News that a Quebec man has been charged with falsely practicing witchcraft is a reminder that sorcery and black magic didn’t start and end in colonial Salem, Massachusetts.
In fact, one of the most spectacular cases of witchcraft in Canadian history involved a teacher from Lambton County, who was charged following a series of bizarre events that continue to perplex researchers to this day.
Last week, QMI news reported a man named Yacouba Fofana has been charged under an obscure anti-sorcery provision in the Criminal Code of Canada.
Working under the name Professor Alfoseny, Fofana ran ads calling himself a “clairvoyant medium” able to perform a range of personal services with “guaranteed results.”
Two Torontonians have also been charged in recent years under the witchcraft statute, which is designed to prevent fraud artists from bilking the gullible and vulnerable.
But much stranger were the allegations of witchcraft levied against Robert Baker, a schoolteacher from what’s now St. Clair Township in the year 1829.
That fall, the pioneer settlement of Baldoon, about 40 miles south of Sarnia, was plagued with a series of unexplained incident that history books refer to as the Baldoon Mystery.
Windows were repeatedly shot out, fires started up spontaneously and barn beams were suddenly dislodged at the farm of one John McDonald, a Scottish immigrant on the Chenail Ecarte.
Tramping feet were heard in the night, a baby’s cradle was violently rocked by an unseen hand and objects flew wildly about the farmhouse.
Over time the hauntings became more frequent, repetitive and witnessed by many people.
As word spread local tourists showed up, and they weren’t disappointed. One visitor named William Fleury described how, with 20 people witnessing it, a bedstead slid from side to side across the room and chairs moved with people seated on them.
“I also saw the pot of boiling water come off the fireplace, and sail about the room over our heads, and never spill a drop, and then return to its starting place,” he said.
Police constables were dispatched from Toronto and they too viewed the bizarre events but were unable to explain them.

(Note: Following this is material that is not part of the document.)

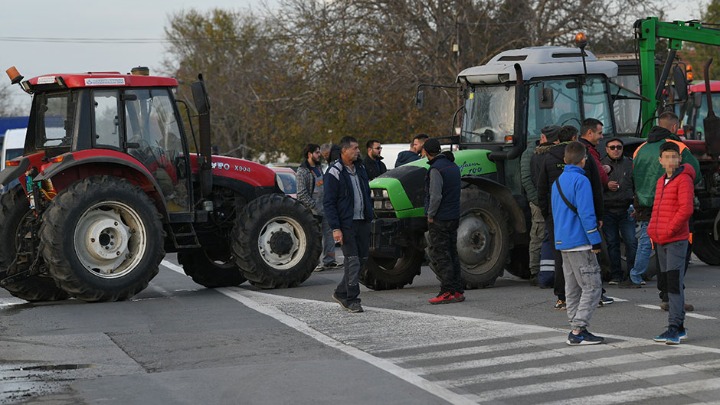 "Ja sam mrtav čovek. Imam dvoje male dece": Ukinute subvencije poljoprivredniku koji je podržao studente - stupa u ŠTRAJK GLAĐU
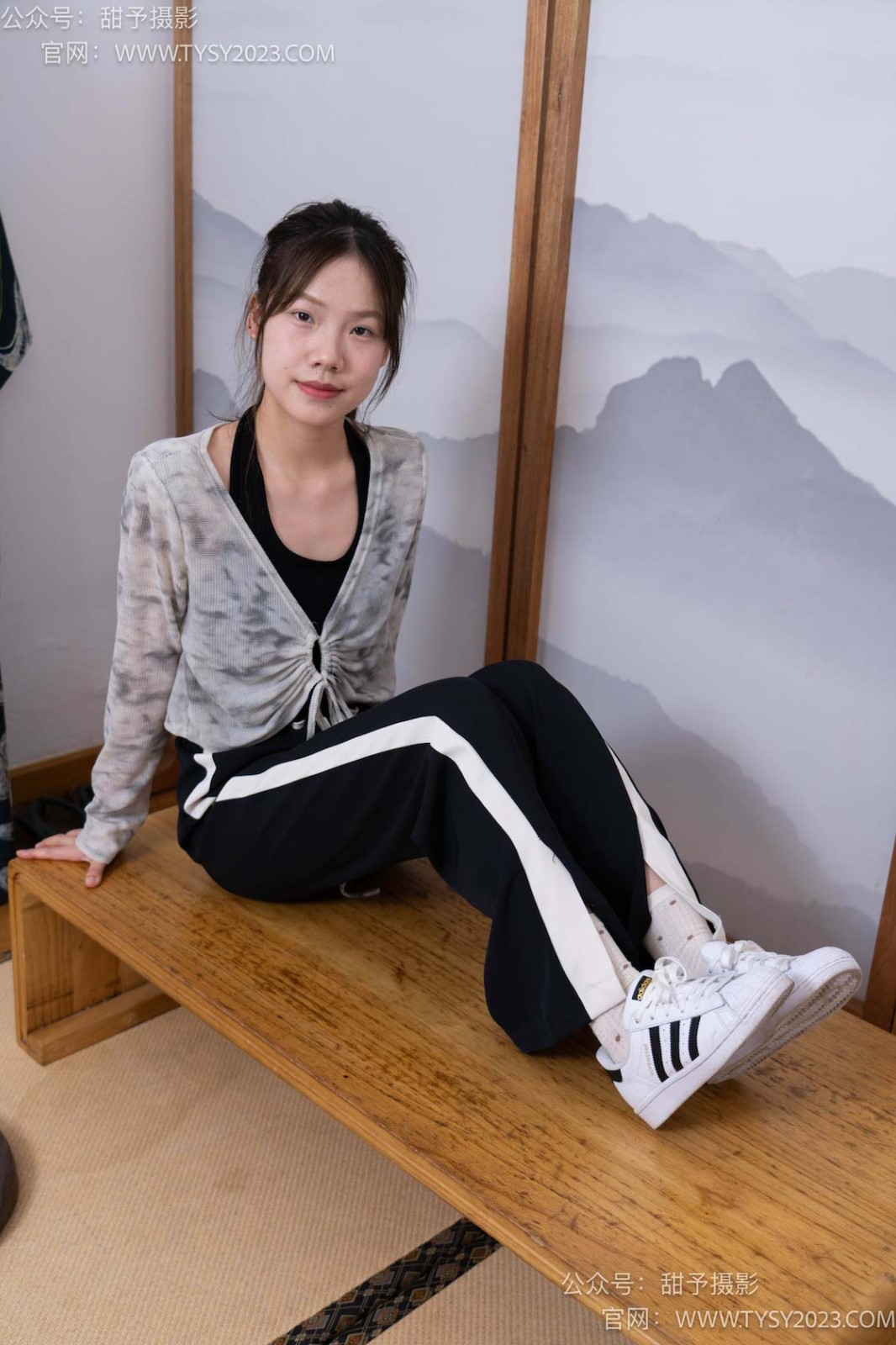 甜予摄影 NO.046 双双-板鞋、白棉袜、裸足[130P/2V/10.20GB]插图4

Finally, early in 1830, suspicion fell on Robert Baker, who was a known dabbler in the occult. He was tried and convicted of practising witchcraft and sentenced to a year in London jail.
But the fires and floating objects continued, and the only resident of Sarnia-Lambton ever convicted of witchcraft appealed his sentence and was released.
As ghost stories go the Baldoon Mystery is a remarkable one for its depth of detail and documentation. Books have been written and theories abound, but what really happened at Baldoon 185 years ago has never fully been explained.